Nessas mudanças todas que acompanham O Auto da Compadecida, o tempo atravessa muitas outras discussões. Pra começar, a tecnológica: enquanto o primeiro longa-metragem se valeu da película para ser feito, este novo capítulo abraça muito mais o digital. Toda a produção foi rodada dentro de estúdios, inclusive com telões simulando o cenário do sertão.

“O tempo é determinante inclusive na estética final do Auto 2. É feito com as tecnologias mais avançadas disponíveis, mas de um jeito que honra a estética do primeiro”, diz Nachtergaele.

Selton Mello, enquanto isso, relembra como o primeiro causou espanto por decisões de tecnologia da época – e espera que isso se repita. “O primeiro foi feito em película. Era o que havia de mais avançado na época”, diz. “Causava espanto: ‘nossa, vocês vão fazer em película? No sertão? Com aquele calor?’. É muito bacana ver isso acontecendo de novo.”

Outro marco temporal que surge é pensar como o cinema nacional mudou de lá pra cá. No primeiro filme, lançado nos cinemas em 2000, após a estreia da série em 1999, o mercado brasileiro estava se recuperando da “terra arrasada” de anos antes. Foi o filme de Chicó e João Grilo que recuperou parte da esperança. Agora, 24 anos depois, os personagens retornam em outro momento de recuperação, após o cinema do País sofrer a partir de uma polarização política. Nachtergaele acredita que é o momento de refazer a conexão.

“Hoje em dia, o cinema brasileiro é de bandeiras difíceis. É corajoso, bonito, aguerrido. O Auto foi responsável por fazer as pazes do brasileiro com o cinema naquela época.

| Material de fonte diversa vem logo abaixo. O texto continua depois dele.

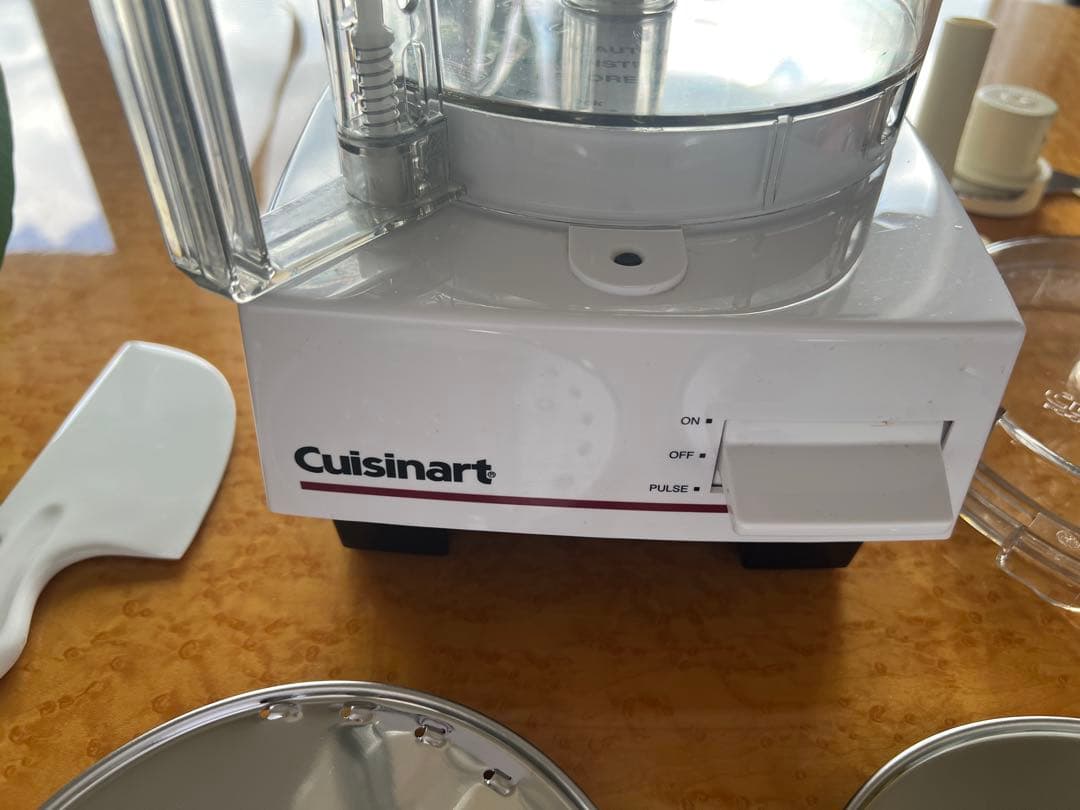 Cuisinart（クイジナート）フードプロセッサー L DLC192J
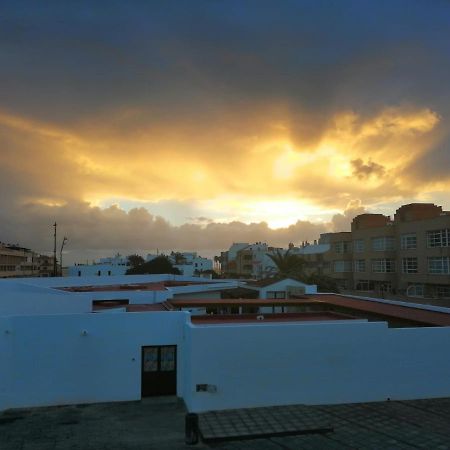 Modern Apartment With Sea Views In Corralejo Exteriér fotografie
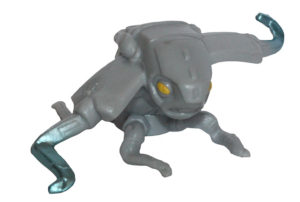 Transformers RID Tiny Titans Octopunch (Series 5)
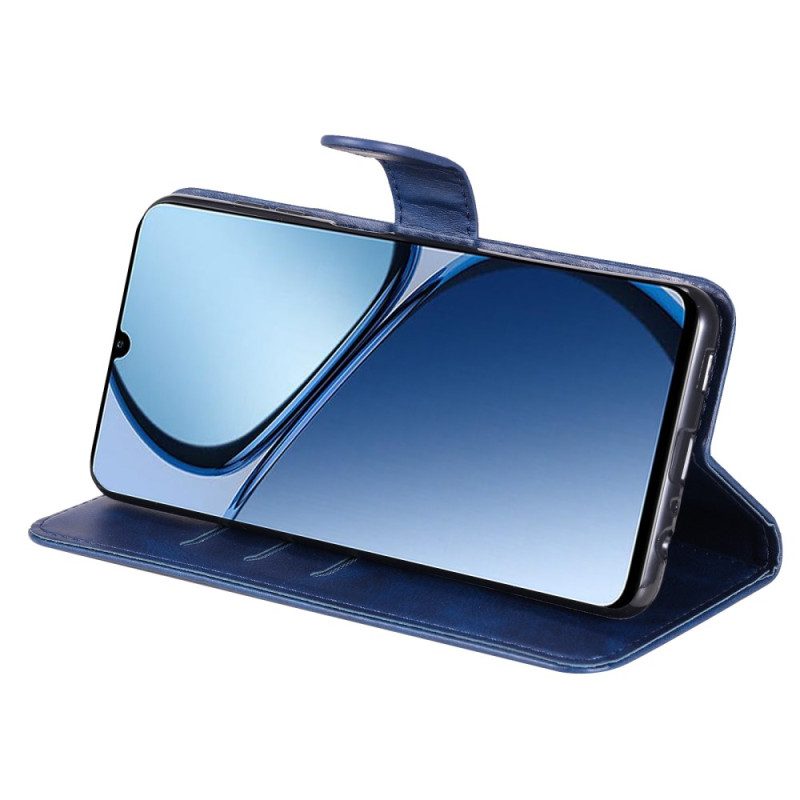 Skyddsfodral Realme Note 60 Fodral Med Dragkedja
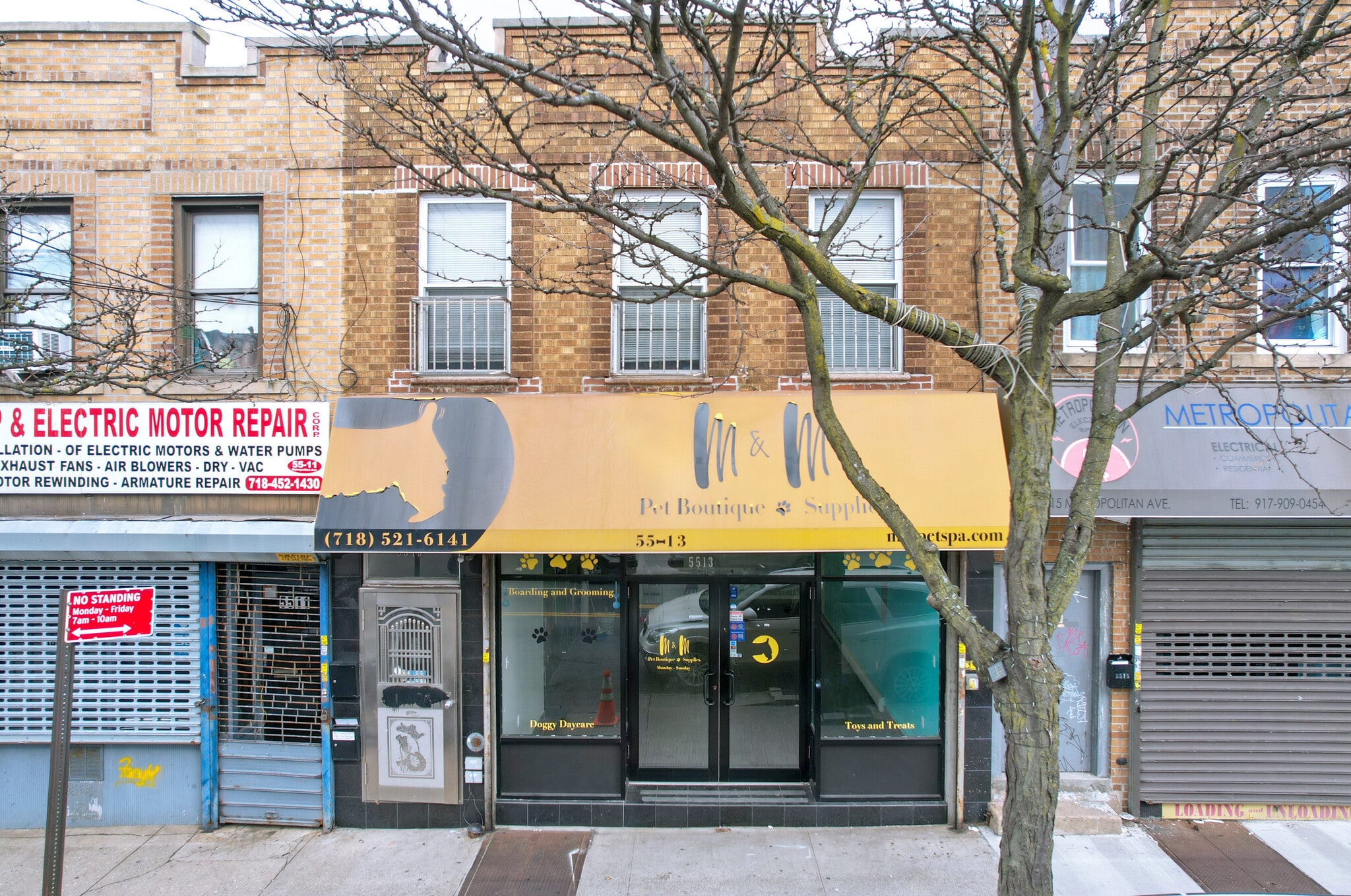 55-13 Metropolitan Ave, Ridgewood, NY for Rent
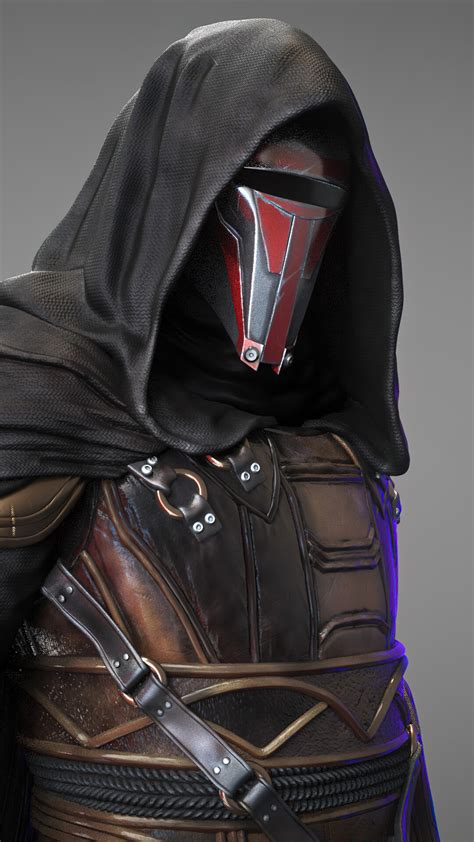 Darth Revan Lightsaber Star Wars Knights Of The Old Republic Video Game Hd Phone Wallpaper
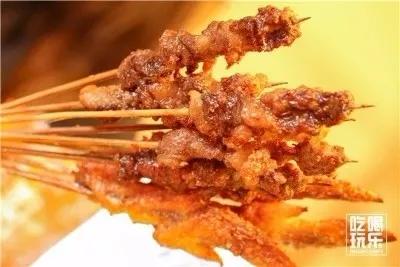 10元吃到饱的串串,10块钱吃到饱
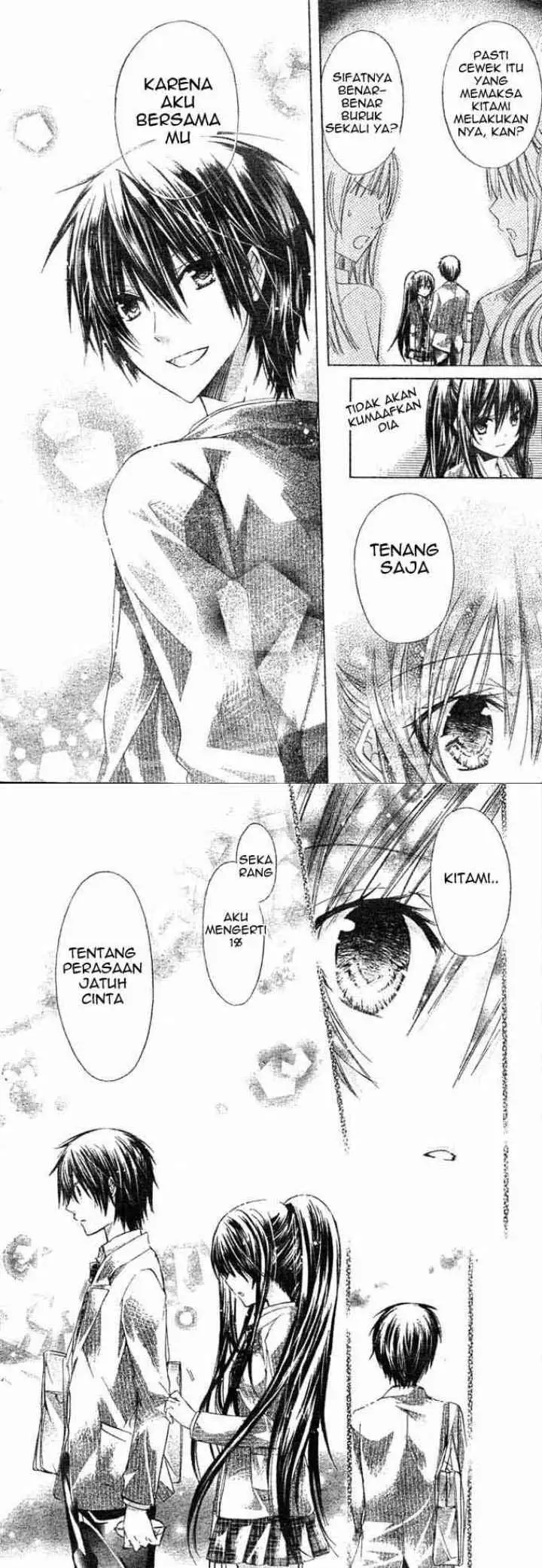 Watashi ni xx Shinasai! chapter 5 halaman 10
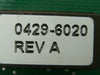 SCI Solid Controls 428-4001 Firing Controller PCB Card 428-399 8024-0137 Used
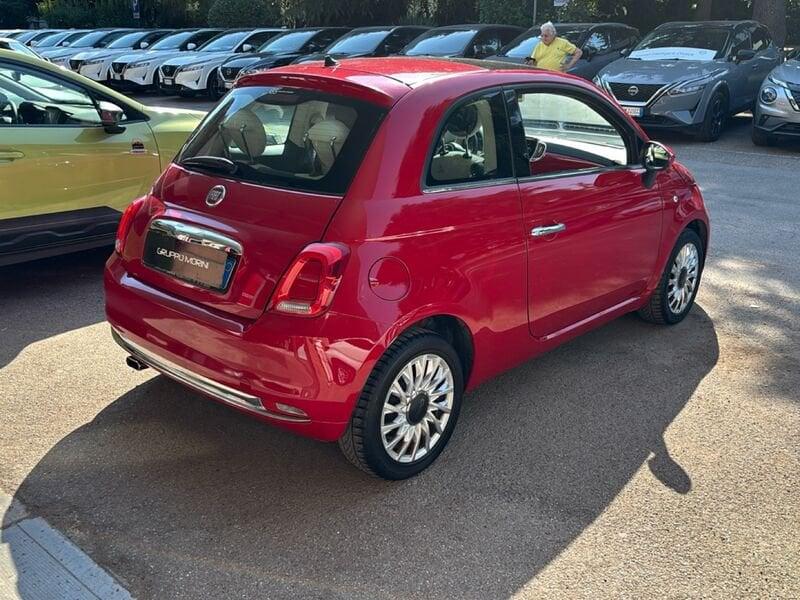 FIAT 500 1.2 69cv EasyPower Lounge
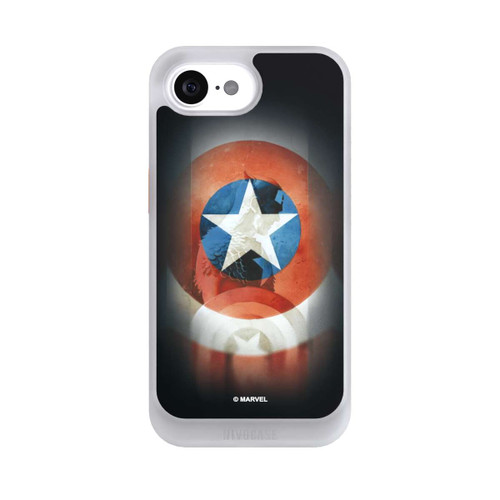 Apple iPhone 16e NIVOcore Captain America Shield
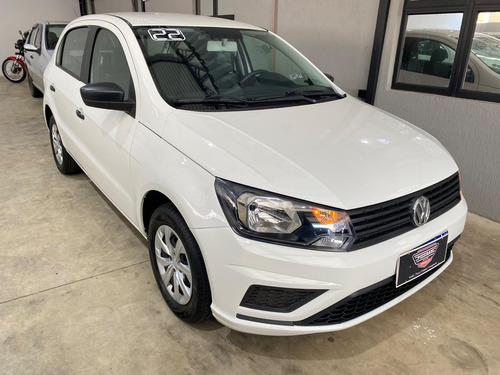 Volkswagen Gol 1.0 Mpi E-flex Trendline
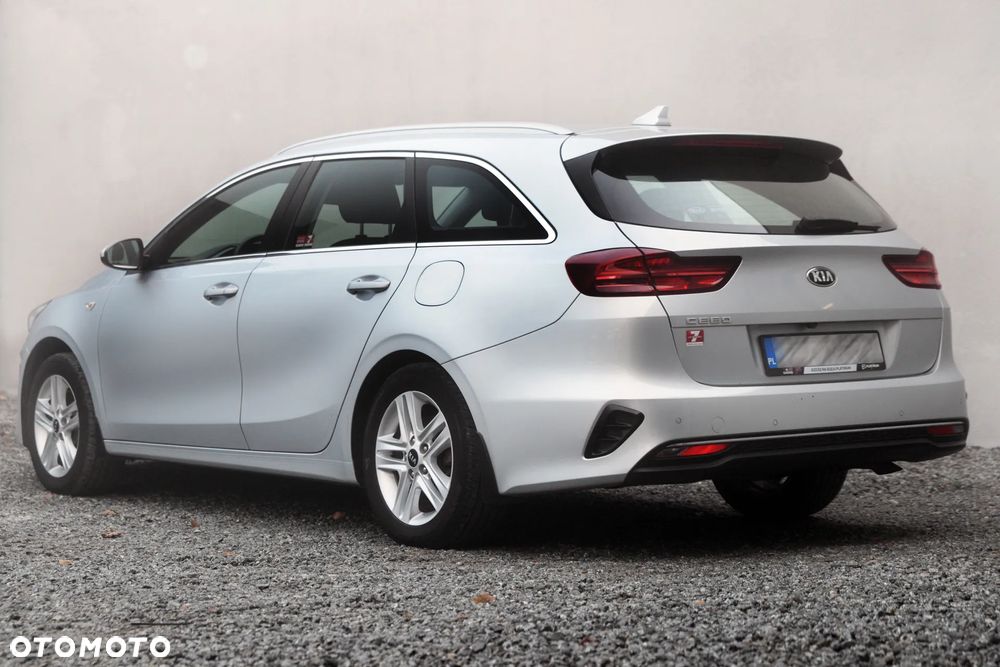 Kia Ceed 1.4 T-GDI L - 13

Passamos por um período difícil antes, e o filme ajudou a reconstruir essa relação”, diz. “A celebração de Auto 2 traz isso, das pazes que fizemos. Estamos num momento lindo. O Selton, por exemplo, está brilhando em um drama [Ainda Estou Aqui] que traz as pessoas de volta ao cinema. E agora, ao mesmo tempo, como o Chicó, ingênuo, romântico e mentiroso. Ele consegue vibrar em duas sintonias, no melhor que o cinema brasileiro tem a nos oferecer.”